What you are asked to do: Go to the line in the data below that contains "Rite 90.1FM". Write it out exactly, along with every later line through the last, and nothing else.

[Data extracted from a collection]
--

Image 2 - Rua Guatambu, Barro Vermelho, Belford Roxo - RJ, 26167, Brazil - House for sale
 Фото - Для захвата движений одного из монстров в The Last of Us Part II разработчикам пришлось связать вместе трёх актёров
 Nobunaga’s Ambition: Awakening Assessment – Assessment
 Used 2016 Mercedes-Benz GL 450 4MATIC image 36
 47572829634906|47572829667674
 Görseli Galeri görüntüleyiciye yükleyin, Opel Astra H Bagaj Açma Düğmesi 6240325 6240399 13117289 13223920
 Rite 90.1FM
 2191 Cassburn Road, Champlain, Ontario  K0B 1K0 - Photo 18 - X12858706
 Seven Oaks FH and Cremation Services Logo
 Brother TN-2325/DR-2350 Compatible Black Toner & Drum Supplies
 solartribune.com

--

Result of this task:
 Rite 90.1FM
 2191 Cassburn Road, Champlain, Ontario  K0B 1K0 - Photo 18 - X12858706
 Seven Oaks FH and Cremation Services Logo
 Brother TN-2325/DR-2350 Compatible Black Toner & Drum Supplies
 solartribune.com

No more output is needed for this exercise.